The records START
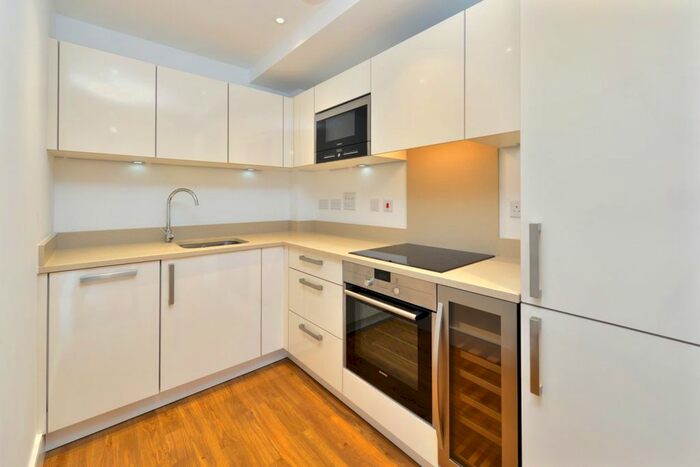 1 Bedroom Flat To Rent In Queensland Road, Highbury, London, N7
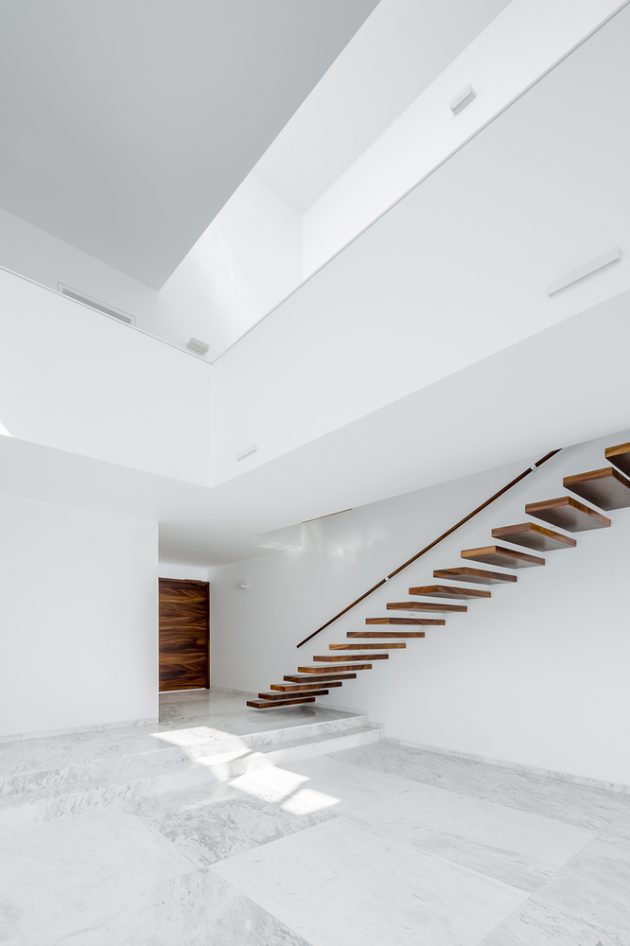 v-house-by-abraham-cota-paredes-arquitectos-in-guadalajara-mexico-11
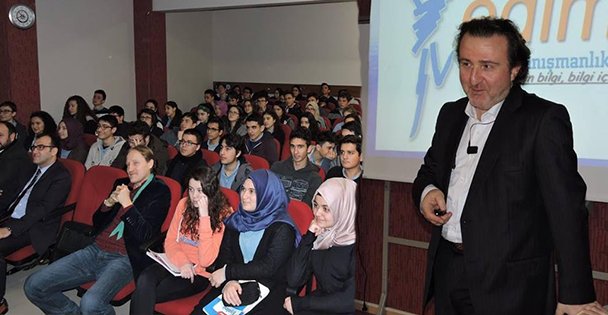 İLKÇEV Gençlik'ten motivasyon semineri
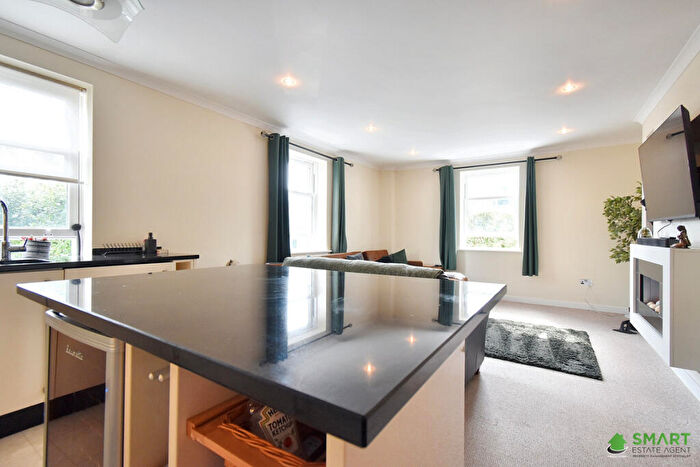 2 Bedroom Apartment For Sale In Isleworth Road, Exeter, EX4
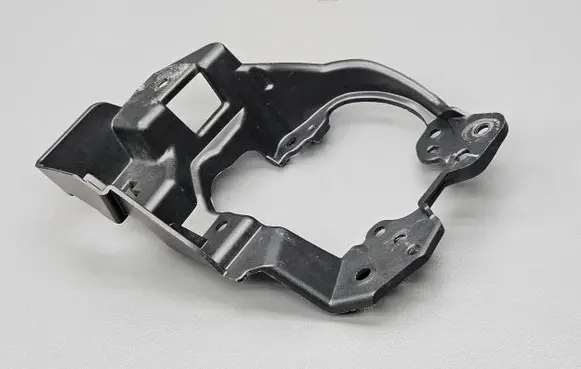 Mazda 3 III Fog light bracket K3006 B63B51694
The records END
■ **What is being asked**:
Apart from the pictures, the entries above are to be repeated in full and exactly.

■ **Response**:
 1 Bedroom Flat To Rent In Queensland Road, Highbury, London, N7
 v-house-by-abraham-cota-paredes-arquitectos-in-guadalajara-mexico-11
 İLKÇEV Gençlik'ten motivasyon semineri
 2 Bedroom Apartment For Sale In Isleworth Road, Exeter, EX4
 Mazda 3 III Fog light bracket K3006 B63B51694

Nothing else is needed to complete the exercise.